I'm aiming to be a senior individual contributor working on complex problems and building amazing products.

Want to learn a little more about Gobee's journey?

My Co-founder, Jaspal Sandhu, wrote a heartfelt letter reflecting on the closing of Gobee and our impact on human-centered design and innovation for social impact. Here are a few my thoughts on Gobee:

A Bridge and a Go between

We worked hard at Gobee to be a bridge for under-appreciated and overlooked perspectives with material impact on the design of technology and technology-enabled products and services. We leveraged our deep technical expertise and rich understanding of the people, places, and methods to uncover critical insights that needed to be heard and incorporated into the technologies we rely on day in, day out.

End-to-End Design

Today, human-centered design is deeply embedded in corporate practice. Researchers work alongside designers and engineers in tightly connected teams. When we started Gobee, this was most decidedly not the case. Our approach to human-centered design didn't end at the insights. We challenged ourselves to develop approaches that answered the key questions at all levels of the design process. We pushed our team to open, collaborative, and constantly engaging with everyone from senior leadership to the frontline engineers to ensure the best possible outcome.

Remote-First

I'll admit that I find many of the discussions of remote-first work to be odd. Gobee started from day one as a remote-first workplace. We didn't have an office, we had a thinkspace. We gathered often in all sorts of fun places. Our final team retreat took us to the coast of California not far from Sea Ranch. I think I'll write a post specifically on how to make remote work a positive experience, but what I can say is that remote-first work helps tap underutilized talent.

Diverse and inclusive

We never described ourselves as minority-owned. In fact, we never even discussed describing ourselves in any way other than a design firm until after the tragic passing of George Floyd. But, in an industry that is overwhelmingly white and male, Gobee stood out for our seemingly never-ending supply of talented women and BiPOC designers. This wasn't intentional, but a byproduct of having a representative leadership team, and a strong culture of mentorship and inclusion.  

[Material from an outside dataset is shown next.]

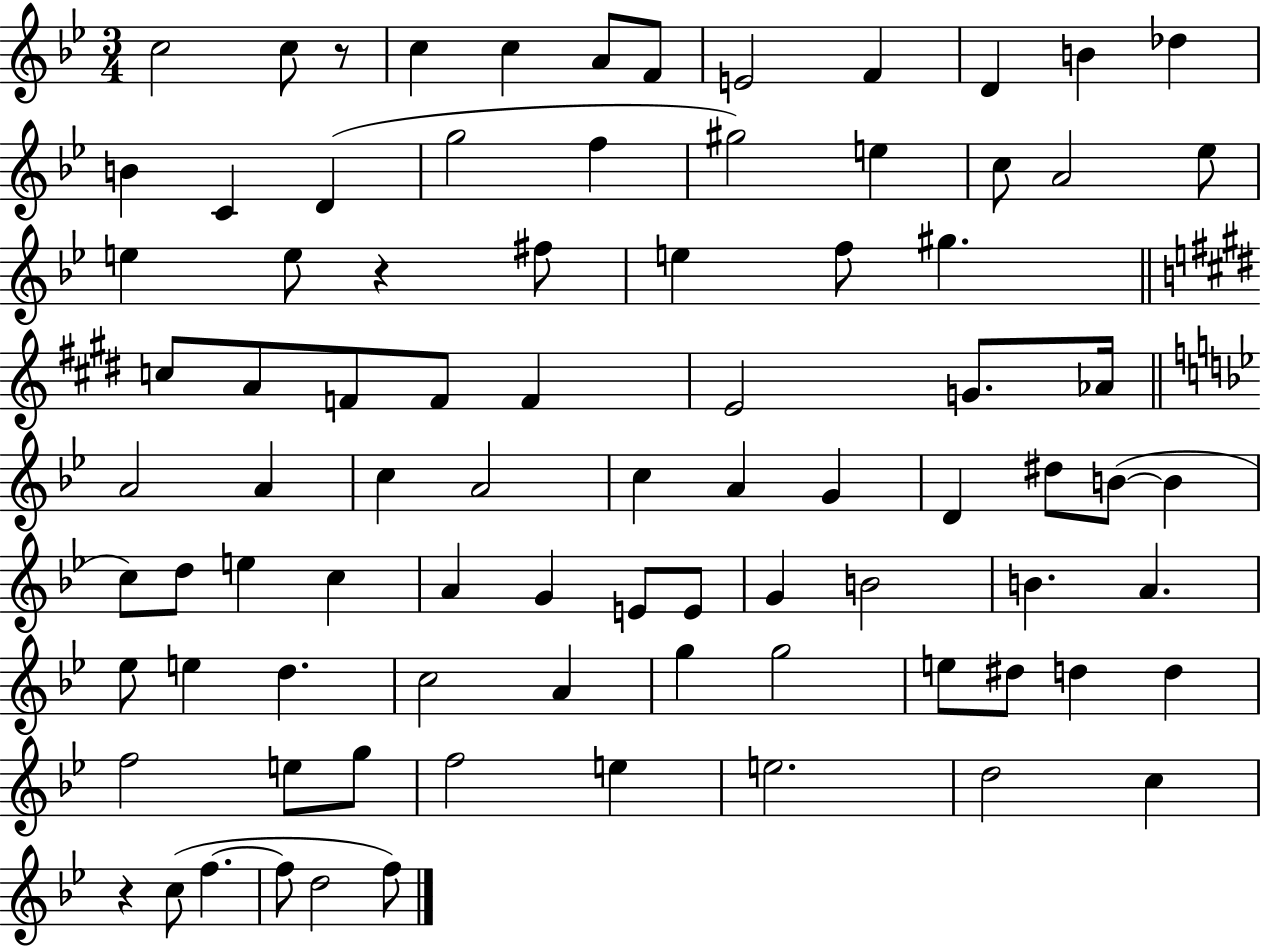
C5/h C5/e R/e C5/q C5/q A4/e F4/e E4/h F4/q D4/q B4/q Db5/q B4/q C4/q D4/q G5/h F5/q G#5/h E5/q C5/e A4/h Eb5/e E5/q E5/e R/q F#5/e E5/q F5/e G#5/q. C5/e A4/e F4/e F4/e F4/q E4/h G4/e. Ab4/s A4/h A4/q C5/q A4/h C5/q A4/q G4/q D4/q D#5/e B4/e B4/q C5/e D5/e E5/q C5/q A4/q G4/q E4/e E4/e G4/q B4/h B4/q. A4/q. Eb5/e E5/q D5/q. C5/h A4/q G5/q G5/h E5/e D#5/e D5/q D5/q F5/h E5/e G5/e F5/h E5/q E5/h. D5/h C5/q R/q C5/e F5/q. F5/e D5/h F5/e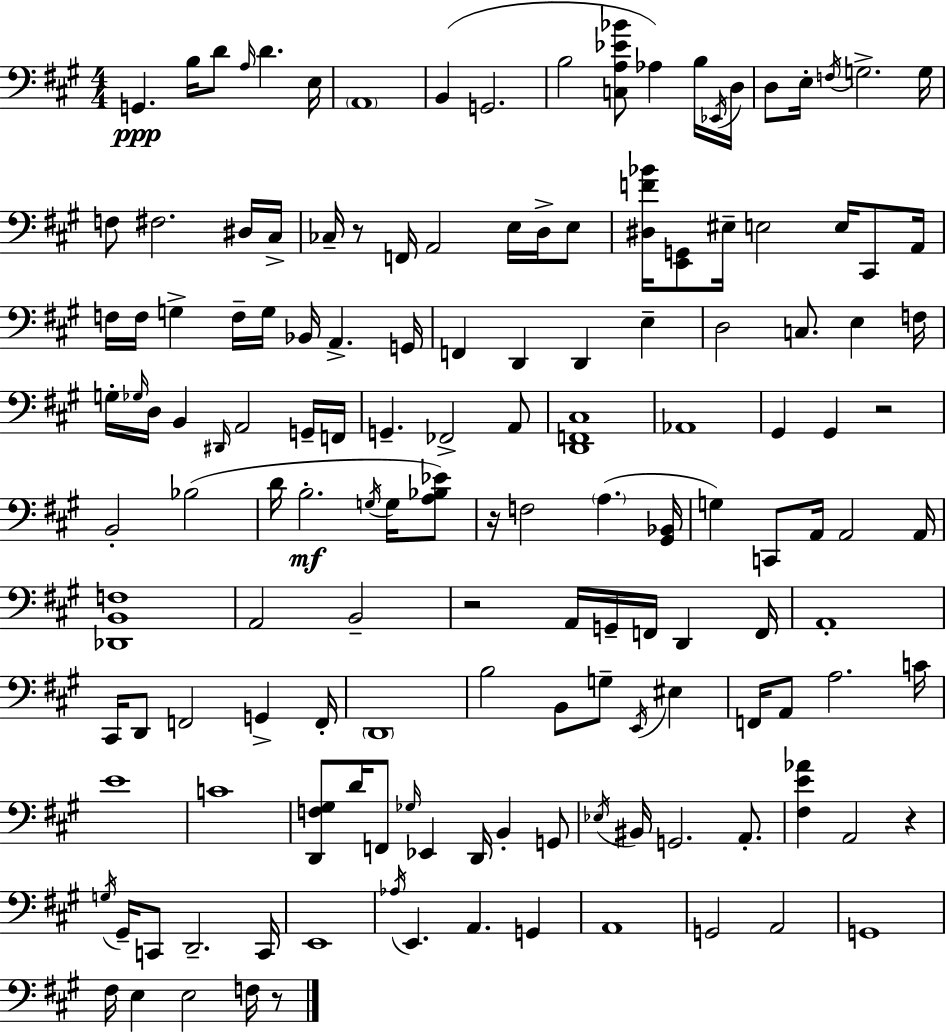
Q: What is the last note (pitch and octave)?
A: F3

Intellectually Curious and Flexible

The answers to complex problems aren't easily found. Method must match the problem. But, often, there is a tendency to fit the methods we are comfortable with onto problems for which they aren't suited. Perhaps because of our roots at the intersection of academia and the corporate world, Gobee pushed the envelope of using a constellation of methods (qualitative and quantitative) to answer challenging questions. We were as comfortable using a quantitative model as we were doing bread and butter interviewing.

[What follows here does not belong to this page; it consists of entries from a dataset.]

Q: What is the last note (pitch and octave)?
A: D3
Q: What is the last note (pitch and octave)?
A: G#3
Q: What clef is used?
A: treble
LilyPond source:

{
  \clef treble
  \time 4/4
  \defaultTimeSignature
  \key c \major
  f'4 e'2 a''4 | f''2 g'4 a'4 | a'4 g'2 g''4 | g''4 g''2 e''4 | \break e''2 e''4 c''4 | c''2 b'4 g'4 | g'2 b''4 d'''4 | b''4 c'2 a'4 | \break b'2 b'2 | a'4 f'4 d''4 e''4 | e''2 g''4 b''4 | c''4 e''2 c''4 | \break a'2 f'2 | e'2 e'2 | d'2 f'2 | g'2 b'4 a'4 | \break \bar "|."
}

Respectful and Collaborative

Good design and innovation doesn't happen in a silo. It is often critical to be able to communicate with the C suite as effectively as you are able to engage with users. Moreover, products, policies, services, and all manner of the things we are designing are complex. Complexity requires collaboration among many disciplines to achieve results. At Gobee, we had amazing relationships with CEOs, engineers, UX designers, graphic designers, clinicians, government officials, and many others. Respecting the work and approaches of other disciplines and actively collaborating to achieve things that make an impact are an essentially element of an increasingly complex world. Gobee did that well.  

Storytelling

The Gobee team worked hard to distilling complex ideas into simple stories. From data visualizations to film, we used many methods to communicate our insights and spur action.